▶ [Problem requirements]
The output must consist only of the lines from the one with "bedroom featuring baseboards, connected" through the end of the listing, restated exactly and free of pictures.

▶ [Input material]
···
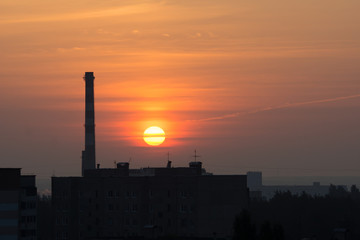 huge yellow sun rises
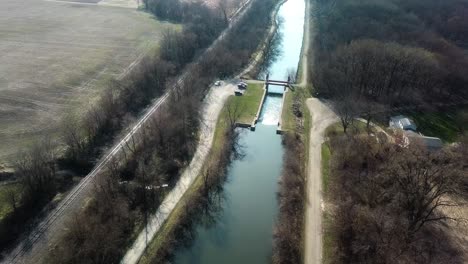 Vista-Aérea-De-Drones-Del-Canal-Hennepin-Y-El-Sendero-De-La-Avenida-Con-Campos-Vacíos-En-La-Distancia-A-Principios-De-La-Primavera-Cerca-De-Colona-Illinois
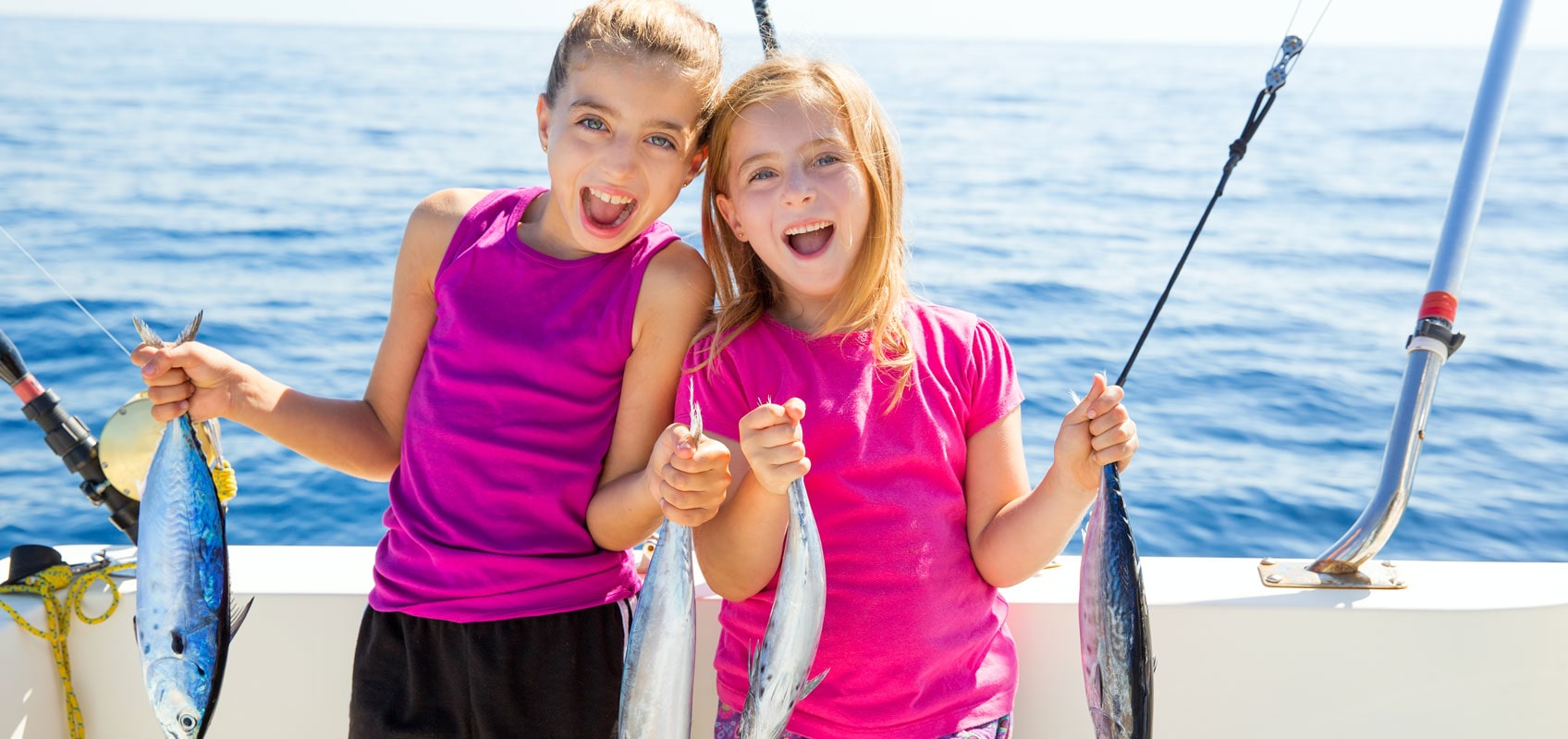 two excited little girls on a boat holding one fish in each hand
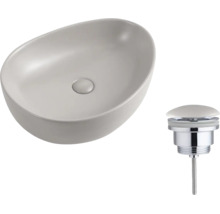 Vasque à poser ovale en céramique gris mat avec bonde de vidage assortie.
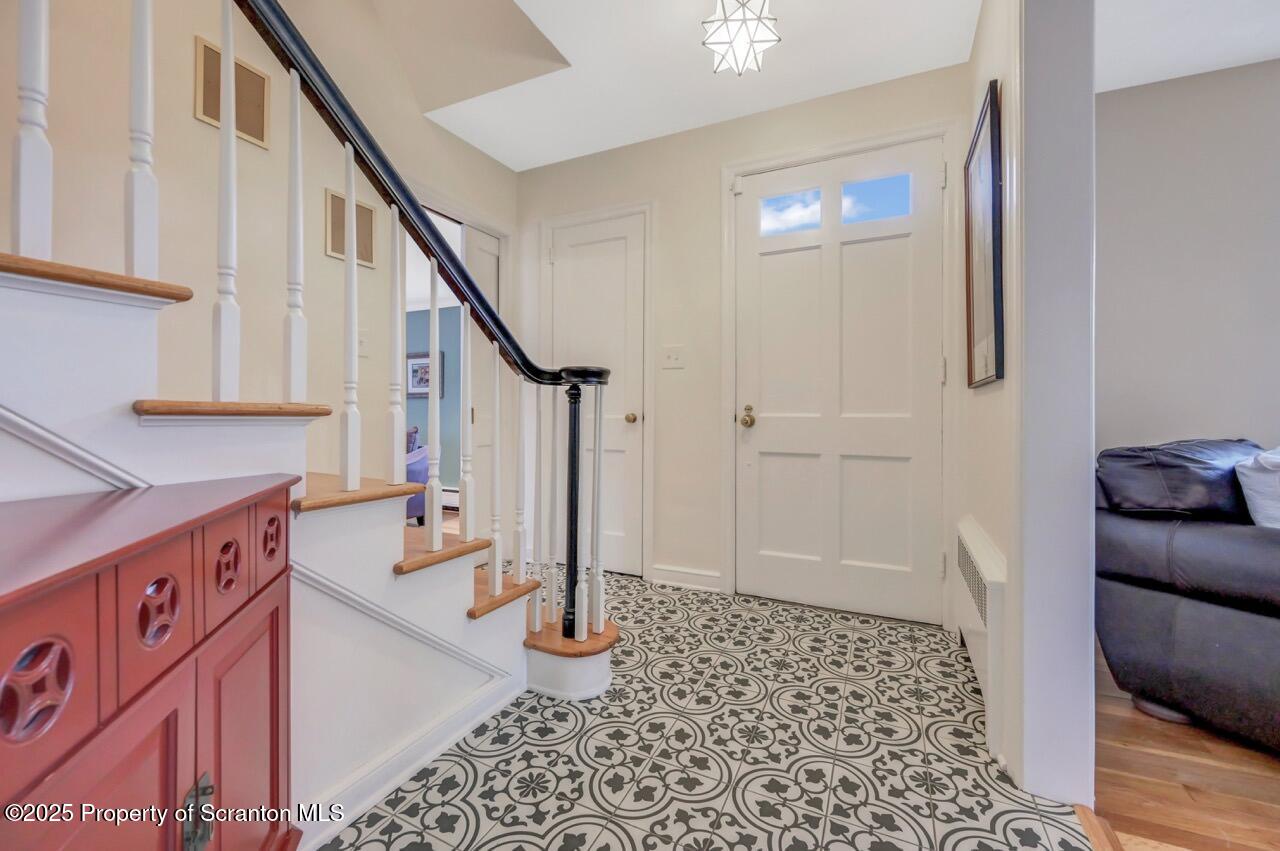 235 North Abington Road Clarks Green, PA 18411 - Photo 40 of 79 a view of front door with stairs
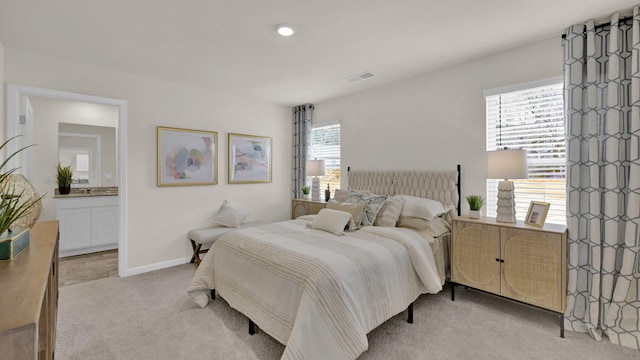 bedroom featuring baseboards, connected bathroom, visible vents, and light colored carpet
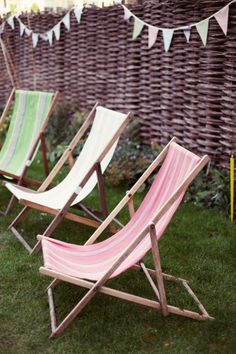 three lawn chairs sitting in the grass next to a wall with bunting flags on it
···
▶ [Response below]
 bedroom featuring baseboards, connected bathroom, visible vents, and light colored carpet
 three lawn chairs sitting in the grass next to a wall with bunting flags on it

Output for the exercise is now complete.